Task details> The answer must consist of every record below, transcribed exactly.

○ ○ ○ ○ ○ ○ ○

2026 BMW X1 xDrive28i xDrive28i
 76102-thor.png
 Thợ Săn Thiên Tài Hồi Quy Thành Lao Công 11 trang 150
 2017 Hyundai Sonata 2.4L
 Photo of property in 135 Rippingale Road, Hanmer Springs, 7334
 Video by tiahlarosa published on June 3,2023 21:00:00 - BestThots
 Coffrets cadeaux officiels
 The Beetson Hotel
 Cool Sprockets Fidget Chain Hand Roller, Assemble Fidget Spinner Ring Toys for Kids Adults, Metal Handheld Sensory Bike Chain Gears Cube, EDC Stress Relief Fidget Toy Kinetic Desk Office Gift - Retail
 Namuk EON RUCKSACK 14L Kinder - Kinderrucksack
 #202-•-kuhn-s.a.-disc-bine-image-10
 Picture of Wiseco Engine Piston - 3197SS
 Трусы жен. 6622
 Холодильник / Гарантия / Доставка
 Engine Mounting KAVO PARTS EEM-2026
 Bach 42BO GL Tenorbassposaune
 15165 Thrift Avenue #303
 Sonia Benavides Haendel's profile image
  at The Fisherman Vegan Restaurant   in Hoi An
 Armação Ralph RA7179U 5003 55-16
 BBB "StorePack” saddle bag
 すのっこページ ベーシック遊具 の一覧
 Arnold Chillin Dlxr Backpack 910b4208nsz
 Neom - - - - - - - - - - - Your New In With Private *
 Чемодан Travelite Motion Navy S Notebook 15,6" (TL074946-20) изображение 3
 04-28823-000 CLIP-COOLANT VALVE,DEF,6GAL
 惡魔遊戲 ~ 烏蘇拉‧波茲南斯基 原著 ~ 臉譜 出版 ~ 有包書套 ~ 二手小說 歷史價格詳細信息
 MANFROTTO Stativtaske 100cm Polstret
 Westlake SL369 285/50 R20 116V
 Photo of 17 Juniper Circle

○ ○ ○ ○ ○ ○ ○

Solution to this problem>
2026 BMW X1 xDrive28i xDrive28i
 76102-thor.png
 Thợ Săn Thiên Tài Hồi Quy Thành Lao Công 11 trang 150
 2017 Hyundai Sonata 2.4L
 Photo of property in 135 Rippingale Road, Hanmer Springs, 7334
 Video by tiahlarosa published on June 3,2023 21:00:00 - BestThots
 Coffrets cadeaux officiels
 The Beetson Hotel
 Cool Sprockets Fidget Chain Hand Roller, Assemble Fidget Spinner Ring Toys for Kids Adults, Metal Handheld Sensory Bike Chain Gears Cube, EDC Stress Relief Fidget Toy Kinetic Desk Office Gift - Retail
 Namuk EON RUCKSACK 14L Kinder - Kinderrucksack
 #202-•-kuhn-s.a.-disc-bine-image-10
 Picture of Wiseco Engine Piston - 3197SS
 Трусы жен. 6622
 Холодильник / Гарантия / Доставка
 Engine Mounting KAVO PARTS EEM-2026
 Bach 42BO GL Tenorbassposaune
 15165 Thrift Avenue #303
 Sonia Benavides Haendel's profile image
  at The Fisherman Vegan Restaurant   in Hoi An
 Armação Ralph RA7179U 5003 55-16
 BBB "StorePack” saddle bag
 すのっこページ ベーシック遊具 の一覧
 Arnold Chillin Dlxr Backpack 910b4208nsz
 Neom - - - - - - - - - - - Your New In With Private *
 Чемодан Travelite Motion Navy S Notebook 15,6" (TL074946-20) изображение 3
 04-28823-000 CLIP-COOLANT VALVE,DEF,6GAL
 惡魔遊戲 ~ 烏蘇拉‧波茲南斯基 原著 ~ 臉譜 出版 ~ 有包書套 ~ 二手小說 歷史價格詳細信息
 MANFROTTO Stativtaske 100cm Polstret
 Westlake SL369 285/50 R20 116V
 Photo of 17 Juniper Circle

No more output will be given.